In-Depth Characterization of the Effects of Cigarette Smoke Exposure on the Acute Trauma Response and Hemorrhage in Mice.

机构信息

Institute of Anesthesiological Pathophysiology and Process Engineering, University Hospital, Ulm, Germany.

Department of Anesthesiology, University Hospital, Ulm, Germany.

出版信息

Shock. 2019 Jan;51(1):68-77. doi: 10.1097/SHK.0000000000001115.

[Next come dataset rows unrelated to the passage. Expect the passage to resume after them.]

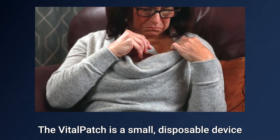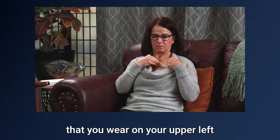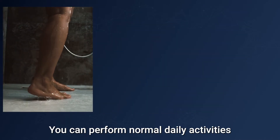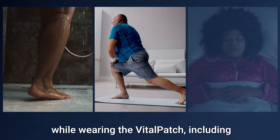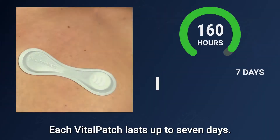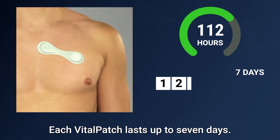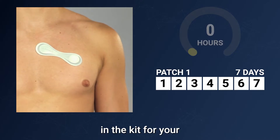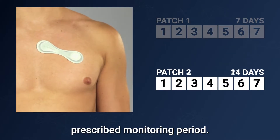The Vital Patch is a small disposable device that you wear on your upper left chest like an adhesive bandage. You can perform normal daily activities while wearing the Vital Patch, including showering, light exercise, and sleeping. Each Vital Patch lasts up to seven days. Your care provider will include the correct number of Vital Patch biosensors in the kit for your prescribed monitoring period.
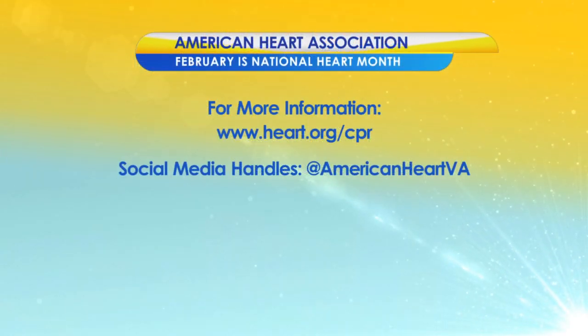Great refresher course — and now we're going to do Baby Shark! Thank you, sir. Y'all have a great day. Make sure everybody goes online and gets into a class. Absolutely, and happy Heart Month to you. For more information through the American Heart Association, visit heart.org/CPR. You can also find more on social media at AmericanHeartVA. We hope you'll stay with us because there's a lot more Virginia This Morning coming up after a quick break.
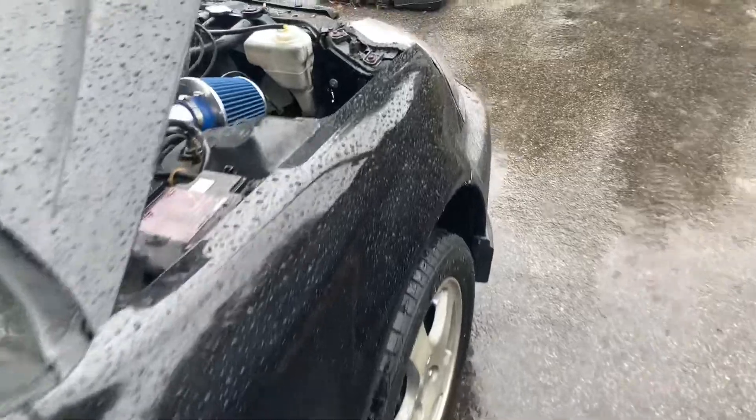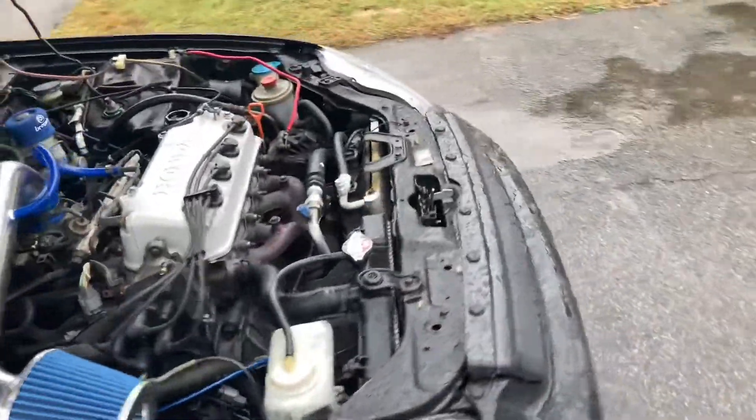Thank y'all for watching and for the support. The Point Devo videos are going crazy, and that one video still sitting at a thousand views — it's crazy, surreal. Those are two of my biggest videos. We're just gonna pack it up and call it a day. We do have one of the lines out — the one that ran to the slave itself is out. The only one that was really a pain was the old one, and there's still one attached to the old clutch master slave.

DOI:10.1097/SHK.0000000000001115
PMID:29424792
Abstract

INTRODUCTION

Hemorrhagic shock accounts for a large amount of trauma-related mortality. The severity of trauma can be further aggravated by an additional blunt chest trauma (TxT), which independently contributes to mortality upon the development of an acute lung injury (ALI). Besides, cigarette smoke (CS) exposure before TxT enhanced posttraumatic inflammation, thereby aggravating ALI. We therefore aimed to characterize the impact of an acute and/or chronic lung injury on organ dysfunction in a murine model of traumatic hemorrhagic shock (HS).

METHODS

After 3 weeks of CS exposure, anesthetized mice underwent HS with/without TxT. Hemorrhagic shock was implemented for 1 h followed by retransfusion of shed blood and intensive care therapy for 4 h including lung-protective mechanical ventilation, fluid resuscitation, and noradrenaline titrated to maintain mean arterial pressure ≥50 mmHg. Lung mechanics and gas exchange were assessed together with systemic hemodynamics, metabolism, and acid-base status. Postmortem blood and tissue samples were analyzed for cytokine and chemokine levels, protein expression, mitochondrial respiration, and histological changes.

RESULTS

CS exposure and HS alone coincided with increased inflammation, decreased whole blood sulfide concentrations, and decreased diaphragmatic mitochondrial respiration. CS-exposed mice, which were subjected to TxT and subsequent HS, showed hemodynamic instability, acute kidney injury, and high mortality.

CONCLUSIONS

Chronic CS exposure per se had the strongest impact on inflammatory responses. The degree of inflammation was similar upon an additional TxT, however, mice presented with organ dysfunction and increased mortality rates. Hence, in mice the degree of inflammation may be dissociated from the severity of organ dysfunction or injury.

摘要

简介

失血性休克导致了大量创伤相关死亡。钝性胸部创伤(TxT)的进一步加重会使创伤严重程度进一步恶化,并且在发生急性肺损伤(ALI)时独立导致死亡率升高。此外,TxT 前暴露于香烟烟雾(CS)会增强创伤后的炎症,从而加重 ALI。因此,我们旨在描述在创伤性失血性休克(HS)的小鼠模型中急性和/或慢性肺损伤对器官功能障碍的影响。

方法

在 CS 暴露 3 周后,麻醉小鼠进行 HS 合并/不合并 TxT。失血性休克持续 1 小时,然后输回失血并进行 4 小时的强化护理治疗,包括肺保护性机械通气、液体复苏以及去甲肾上腺素滴定以维持平均动脉压≥50mmHg。评估肺力学和气体交换与全身血流动力学、代谢和酸碱状态一起进行。对死后血液和组织样本进行细胞因子和趋化因子水平、蛋白表达、线粒体呼吸和组织学变化分析。

结果

CS 暴露和单独的 HS 均导致炎症增加、全血硫化物浓度降低和膈肌线粒体呼吸降低。接受 TxT 和随后的 HS 的 CS 暴露小鼠表现出血流动力学不稳定、急性肾损伤和高死亡率。

结论

慢性 CS 暴露本身对炎症反应的影响最大。另外的 TxT 导致的炎症程度相似,但小鼠出现了器官功能障碍和更高的死亡率。因此,在小鼠中,炎症的程度可能与器官功能障碍或损伤的严重程度脱钩。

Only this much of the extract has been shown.